Italy viii. PERSIAN MANUSCRIPTS

 

ITALY

viii. PERSIAN MANUSCRIPTS

Italy houses 439 Persian manuscripts in two public archives and thirty public libraries located in fifteen different cities. All of them have been catalogued by Angelo Michele Piemontese (1989). Three more manuscripts are preserved at the Harvard University Center for Italian Renaissance Studies at Villa “I Tatti” in Florence, which, besides the three bound codices, possesses some loose folios from Persian manuscripts as well. Paintings in Persian manuscripts from the Harvard University Center (the Berenson collection) have been studied by Richard Ettinghausen (q.v.) in 1962, and their description is given by Piemontese (1984a). Additionally, within Vatican City, 189 Persian manuscripts are preserved at the Biblioteca Apostolica Vaticana (hereinafter the Vatican Library): 158 are part of the Vatican collection, 23 of the Borgia collection, 6 of Barberini collection, and 2 of Rossi collection. These manuscripts were catalogued by Ettore Rossi (1948). The Vatican Library also owns an important collection of Persian religious dramas (taʿzia). This collection was acquired by Enrico Cerulli (q.v.) during one of his sojourns in Iran in 1950-54 as the Italian ambassador. It was catalogued by Ettore Rossi and Alessio Bombaci (1961) and includes 1055 manuscripts, of which 15 are in Turkish, and a few others are written in both Turkish and Persian. Finally, 13 Persian manuscripts are part of a collection, mostly Arabic, purchased by the Vatican in 1927 and known as the Sbath collection, so called after the Syrian priest, Paul Sbath (1887-1945), whose original name was Bulos Sbāṭ al-Soryāni al-Ḥalabi, and who himself was a collector of manuscripts. Persian manuscripts of the Sbath collection were described by Piemontese (1978).

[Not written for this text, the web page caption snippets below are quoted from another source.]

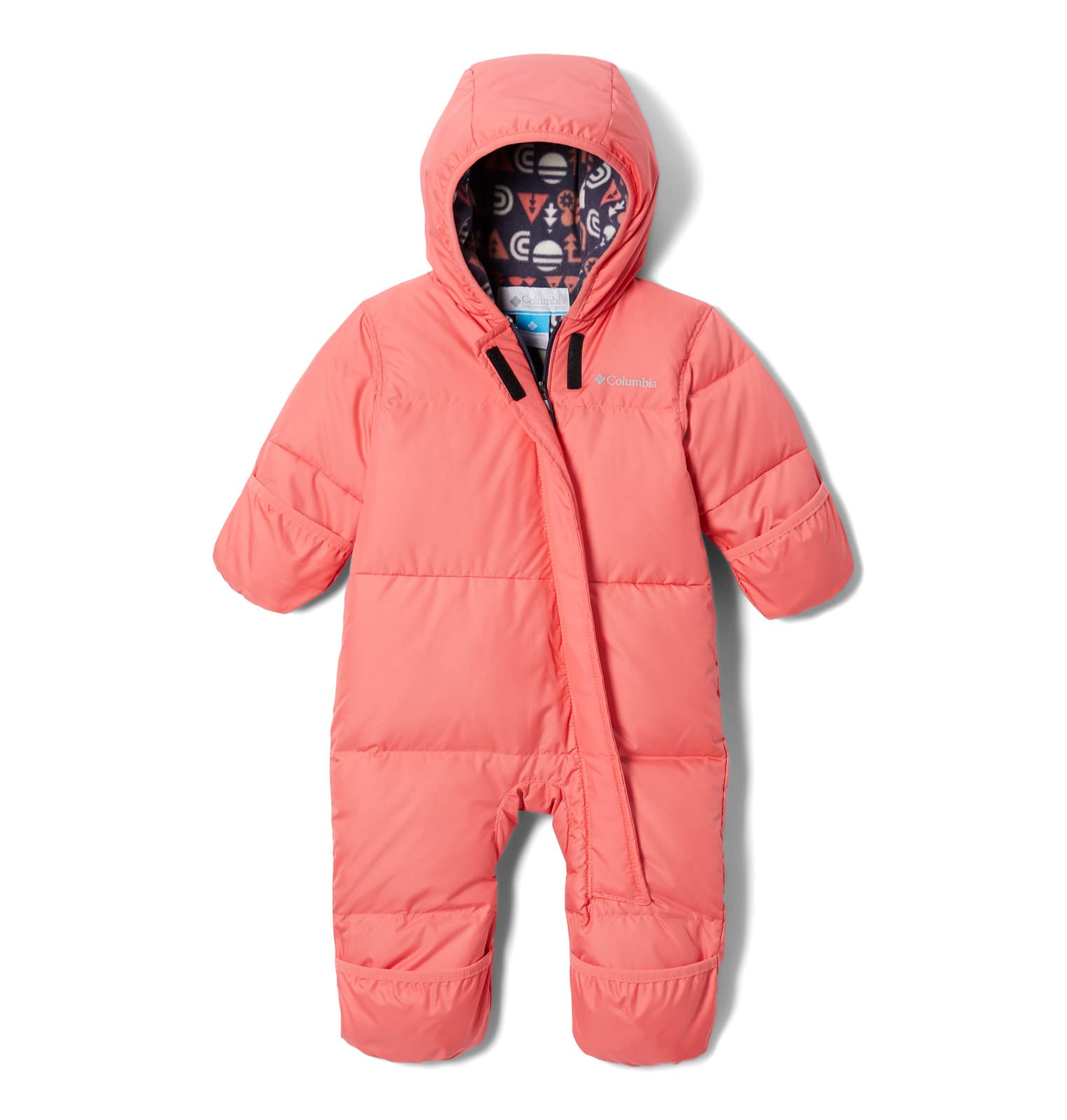 Columbia Baby Girls' Snuggly Bunny Bunting - Soft & Warm Winter Snowsuit for Infants & Toddlers | Perfect for Outdoor Play, Stroller Walks & Cold Weather Adventures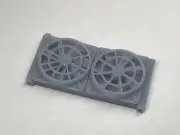 1/24 - 1/25 Rear Mount Radiator With Thermos, Revall, Monogram, Tamiya, Aoshima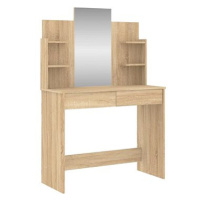 Shumee Toaletní stolek se zrcadlem dub sonoma 96 × 39 × 142 cm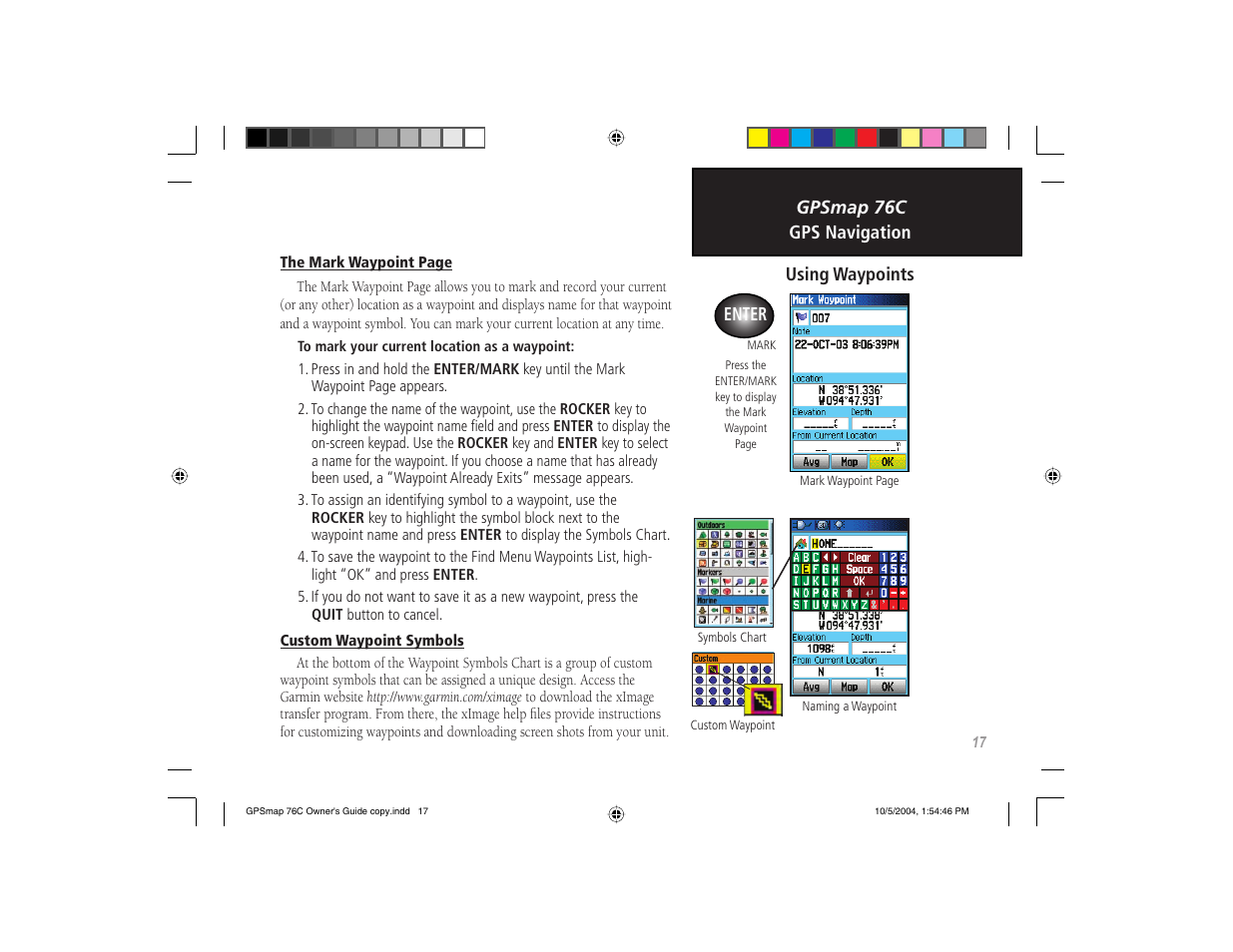 Garmin GPSMAP 76C User Manual | Page 27 / 96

Apart from the Vatican Library, other Italian libraries that own the larger number of Persian manuscripts are: the Medicean-Laurentian Library in Florence (83 MSS); the Library of the University of Bologna and the Library of the National Academy of the Lincei in Rome (60 MSS each); the Marciana National Library in Venice (46 MSS); and the Ambrosiana Library in Milan (37 MSS). In fact, Persian manuscripts preserved in Italy are parts of larger collections of Oriental codices which, starting in the Renaissance period, were acquired for different reasons by various Italian courts, or through the initiative of noble families, religious institutions, and important members of the Catholic church, as well as individual scholars and travelers. The geographical dispersion of the manuscripts, which had been usually kept in Oriental funds without any linguistic distinction (except for the funds of the Vatican Library), has been a major obstacle for identifying and cataloguing them (for an updated report on the localization of Islamic manuscripts with references to the published and unpublished catalogues see Heine for the Vatican; and Orsatti, Pirone, and Gallotta for Italy).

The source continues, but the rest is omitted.